* _Work order_: Exact copy, pictures excluded: please retype the lines from the start of the material through the line containing "Madewell Denim - Madewell", both ends included, and nothing more.

* _Provided data_:
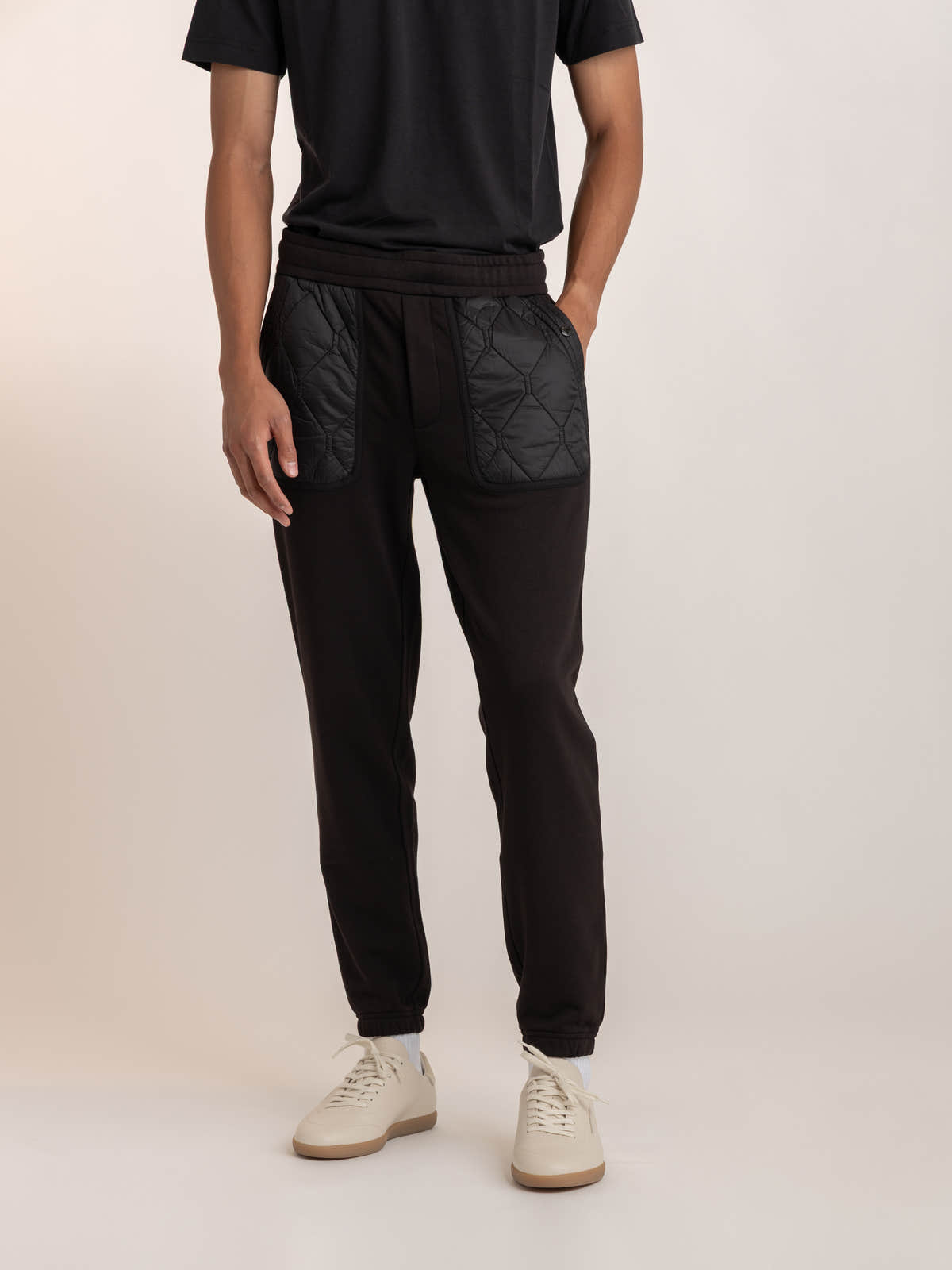 Black Cuffed Cotton Joggers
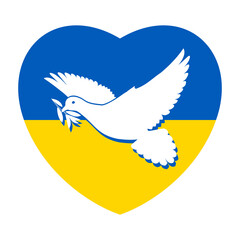 White Dove of Peace Flying with a Branch on the Background of the Ukrainian Flag in Heart Shape. Pray for Peace in Ukraine Concept Illustration. Symbol of Peace and Freedom on White
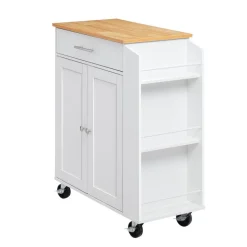 VEVOR Kitchen Island Cart with Storage, 46.06 in Wide Mobile Rolling Storage Island on Swivel Wheels, with Drawer, Storage Cabinet, Drop Leaf, Spice/Towel Rack, Table for Home Dining Room, White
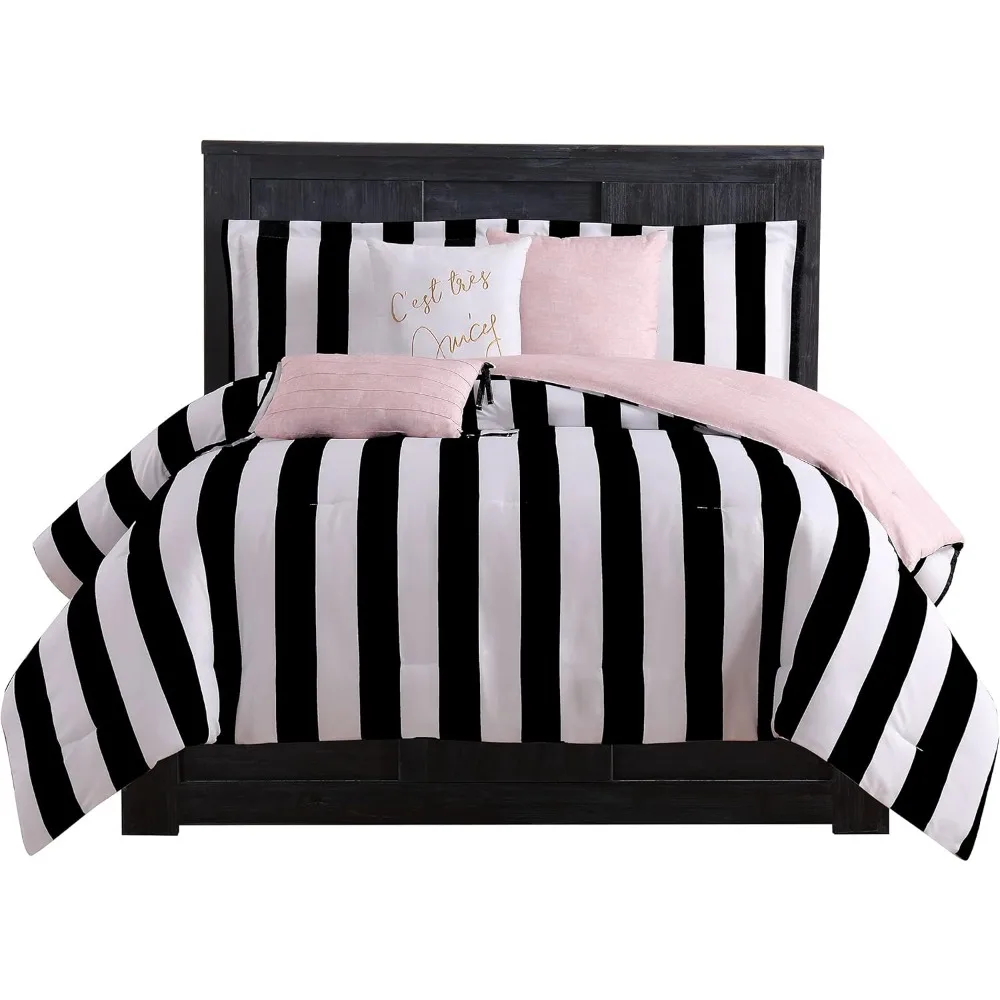 Couture Cabana Stripe Reversible Bedding Set - Queen Size - Black and White Stripe Print – 6 Piece Set
Couture Cabana Stripe Reversible Bedding Set - Queen Size - Black and White Stripe Print – 6 Piece Set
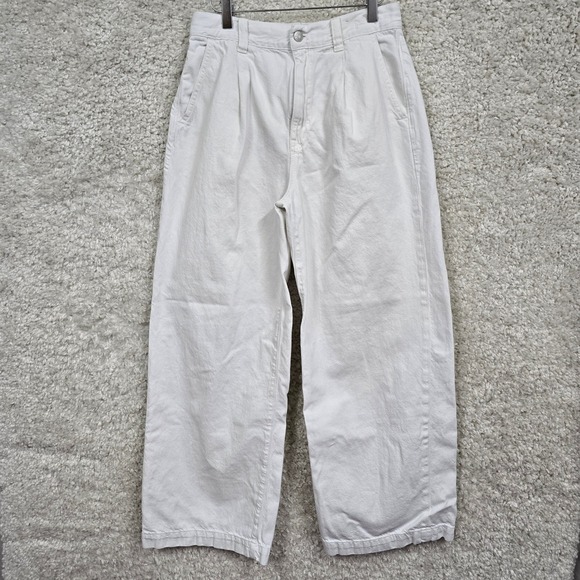 Madewell Denim - Madewell The Harlow Wide-Leg Jeans Women 27 White Pleated High Rise Cotton Denim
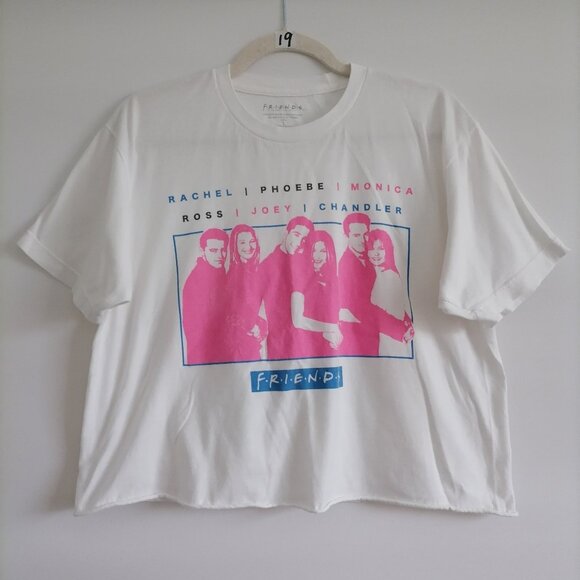 Friends Womens White Y2K Preppy Classic Graphic Cropped T-Shirt Size Large - Picture 1 of 5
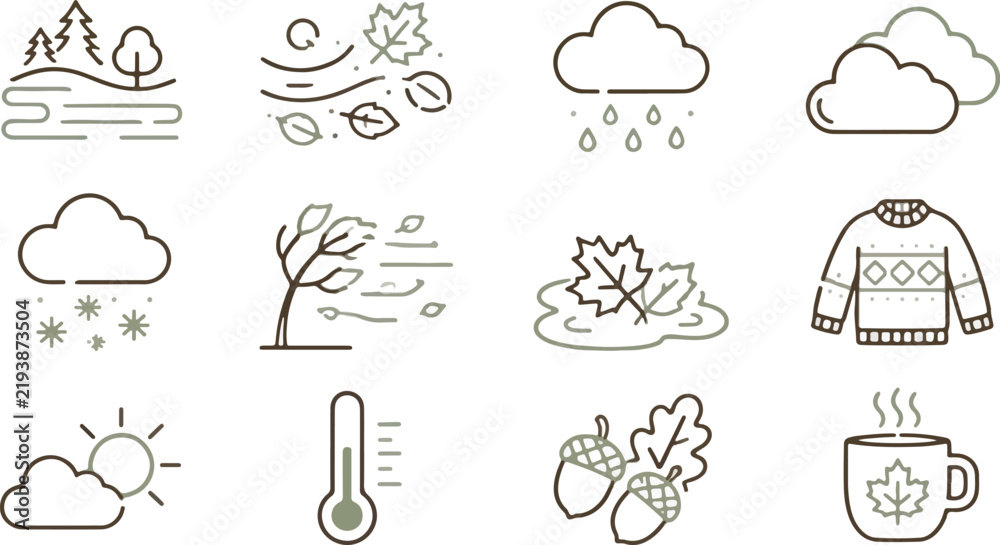 Fototapeta premium Seasonal autumn weather icons set with minimalist line art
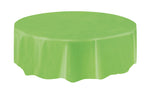 Lime Green Solid Round Plastic Table Cover, 84" - Image 5
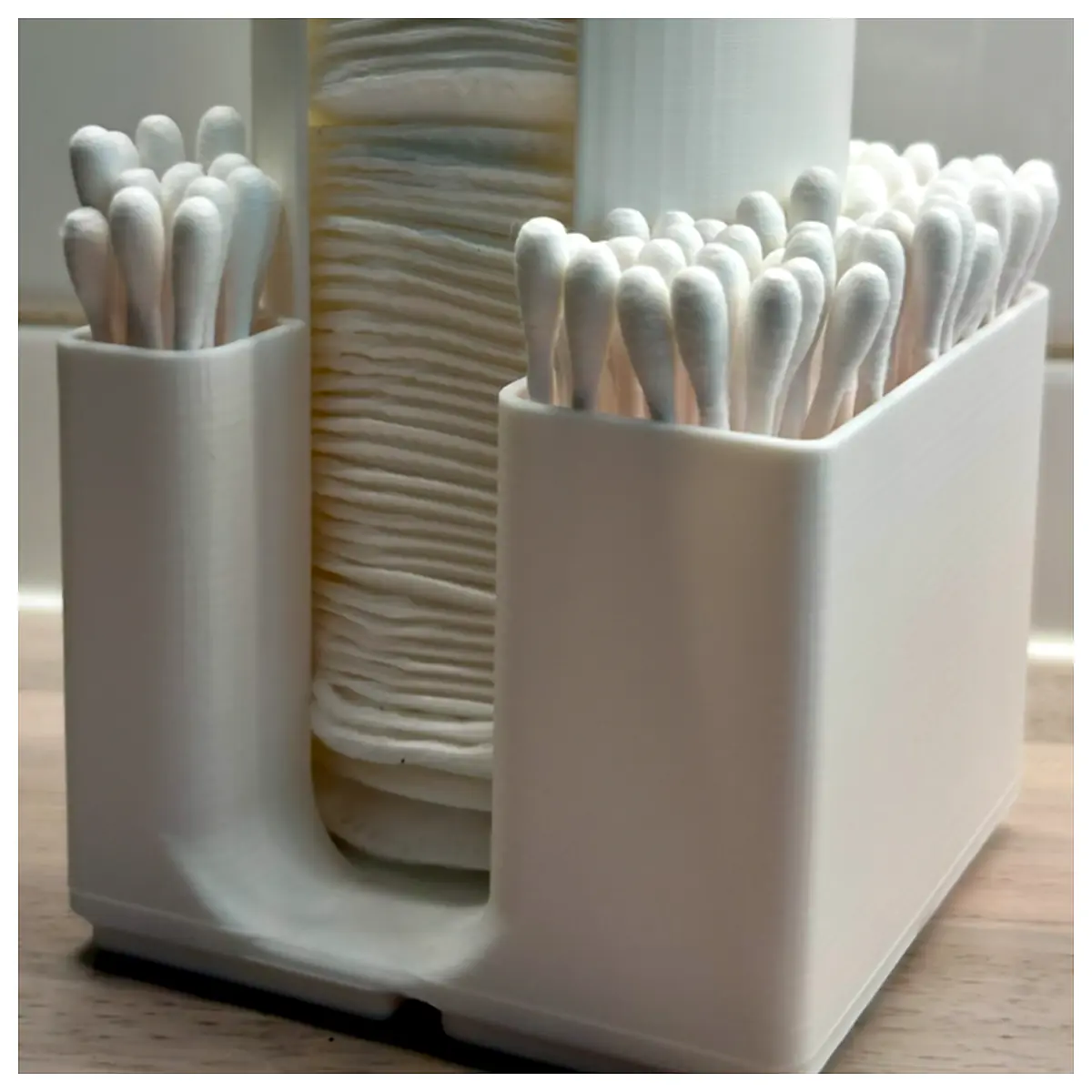 Gridfinity Makeup Pads Holder Organizer Cotton Swabs Case Cleansing Wipes Storage Box Beauty Tool Organizer Desk Storage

* _Expected answer_:
 Black Cuffed Cotton Joggers
 White Dove of Peace Flying with a Branch on the Background of the Ukrainian Flag in Heart Shape. Pray for Peace in Ukraine Concept Illustration. Symbol of Peace and Freedom on White
 VEVOR Kitchen Island Cart with Storage, 46.06 in Wide Mobile Rolling Storage Island on Swivel Wheels, with Drawer, Storage Cabinet, Drop Leaf, Spice/Towel Rack, Table for Home Dining Room, White
 Couture Cabana Stripe Reversible Bedding Set - Queen Size - Black and White Stripe Print – 6 Piece Set
Couture Cabana Stripe Reversible Bedding Set - Queen Size - Black and White Stripe Print – 6 Piece Set
 Madewell Denim - Madewell The Harlow Wide-Leg Jeans Women 27 White Pleated High Rise Cotton Denim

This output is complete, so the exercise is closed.